Exercise description
Once the pictures have been removed, repeat the remainder of the records exactly.

Supplied data
»»

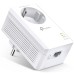 Адаптер Powerline TP-Link TL-PA7017P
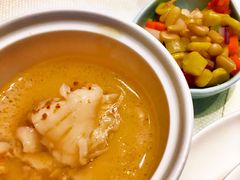 -春满园·早茶·粤菜·宴会(前海店)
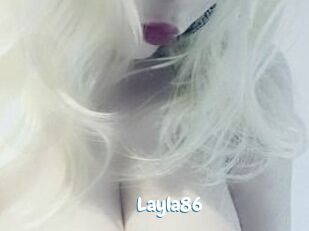 Layla86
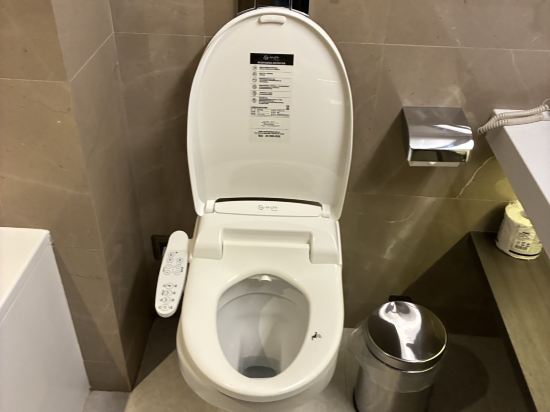 台北兄弟大飯店優惠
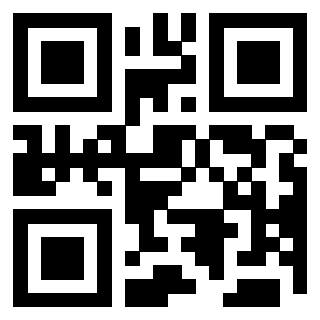 3204238657 QrCode associato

««

Worked solution
 Адаптер Powerline TP-Link TL-PA7017P
 -春满园·早茶·粤菜·宴会(前海店)
 Layla86
 台北兄弟大飯店優惠
 3204238657 QrCode associato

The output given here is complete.